Türkiye’nin tekstil ve konfeksiyonda rakibinin Hindistan, Pakistan, Bangladeş olduğunu söyleyen Eskinazi, “Ev tekstili üreticisi bir arkadaşım geçenlerde New York’taki mağazasına Pakistan’dan mal aldığını, Türkiye’de ürettiğinde rekabetçi olamadığını söyledi. Pakistan’daki üretici de organik pamuğu Türkiye’den alıp, ürünün üstüne Turkish Organic Cotton Towel yazarak bizim marka imajımızdan yararlanıyor. Yurtdışında üretim yaptırmak bir çözüm gibi görünse de zamanında denemiş biri olarak bunun hiç kolay bir yol olmadığını söyleyebilirim” diye konuştu.
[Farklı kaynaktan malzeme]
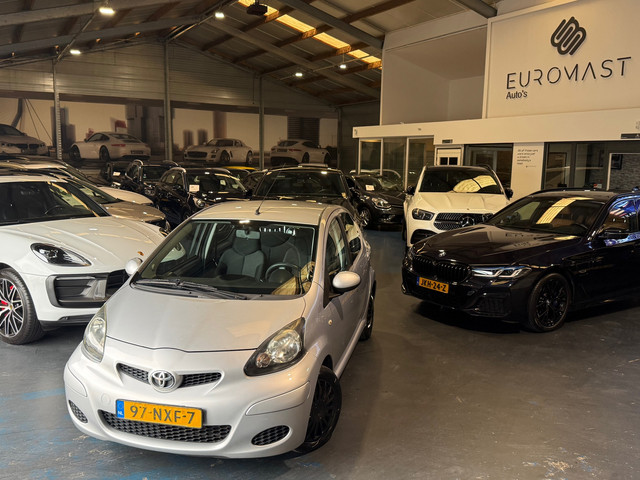 Foto 10 van Toyota Aygo 1.0-12V Comfort Airco Elektrische Ramen Nieuwe Apk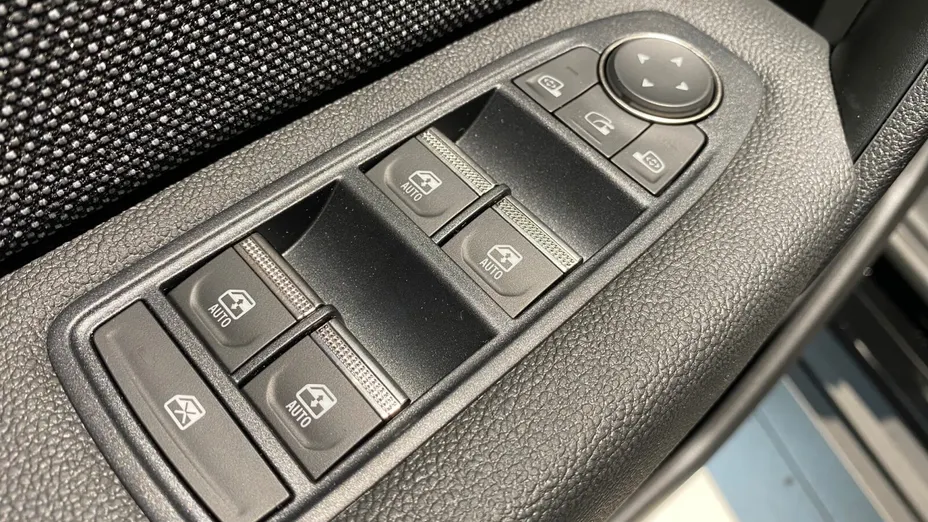 MITSUBISHI Grandis Grandis 1.3T mHEV Intense Style Cold DCT Nowy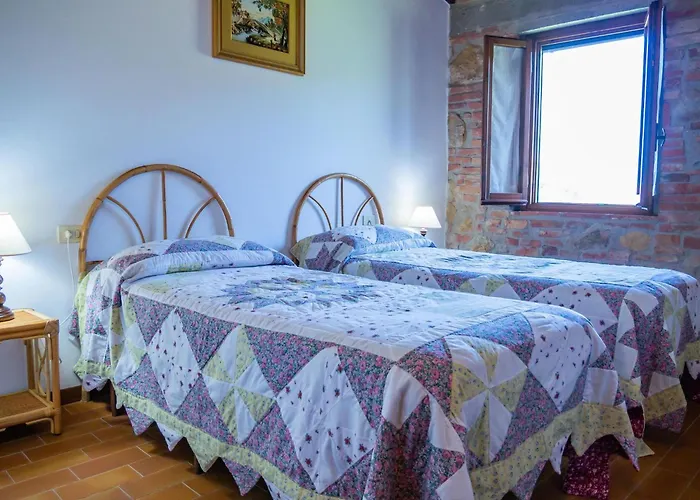 Apartment In Tuscany With Pool & Scenic Views *
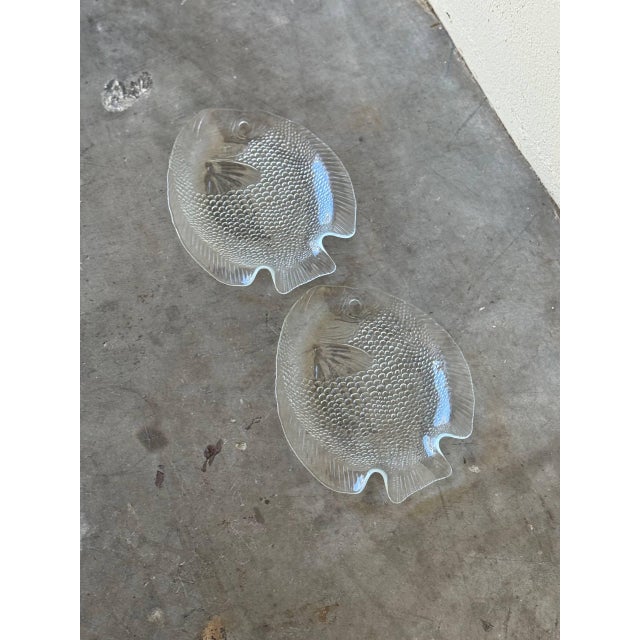 Mid-Century Modern Vintage Arcoroc France Clear Glass Fish Plates – Mid-Century French Serving Platters (Set of 2) For Sale - Image 3 of 8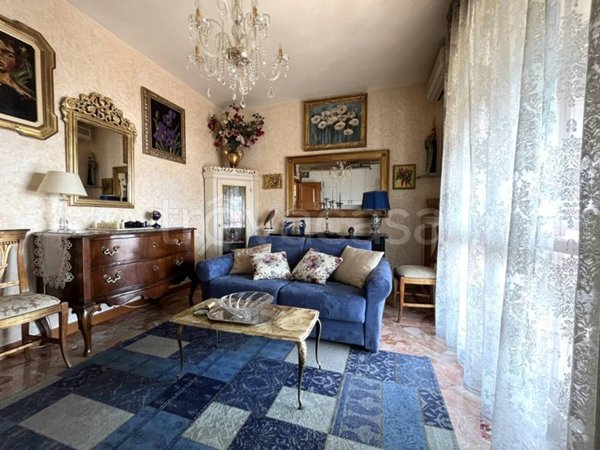 appartamento in vendita a Sesto Fiorentino in zona Quinto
İhracatçıların gelen siparişler nedeniyle 3-6 aylık dönemi daha iyi görebildiklerini belirten Jak Eskinazi, “Gerçek şu ki, ben şu anda sipariş alıyorum. İhracatım arttı çünkü ölçek ekonomisinden yararlanabilmek için buna mecburum. Arttırmazsam batarım. Fasoncularımı ayakta tutmak mecburiyetindeyim. Ben zarar edebilirim ama onlara zarar etmemeli. Şu an piyasada olan bu. Ne yazık ki fiyatı alıcı belirliyor. İş artık fiyat ekonomisine dönüştü ama ne kadar sürdürülebilir tartışılır. Avrupa’dan gelen değerlendirmeler önümüzdeki senenin başından itibaren bir hareketlilik olacağını gösteriyor. Ama fiyat açısından zorlanmaya devam edeceğiz, çünkü döviz kuru olarak geride kalacağımız görünüyor. Ama ‘biz ihracatı bıraktık artık çalışmıyoruz’ deme şansımız yok, o zaman ülkeyi daha çok batırırız. Bu dövizi Türkiye’ye getirecek bir şeyler yapmamız lazım. İhracatçı şu an bu ülkenin kahramanı. Her sektörde zarar ediyor. Bir tane mutlu sektör göremezsiniz. Ama mecburuz yapmaya. Çünkü bu ülke hepimizin” dedi.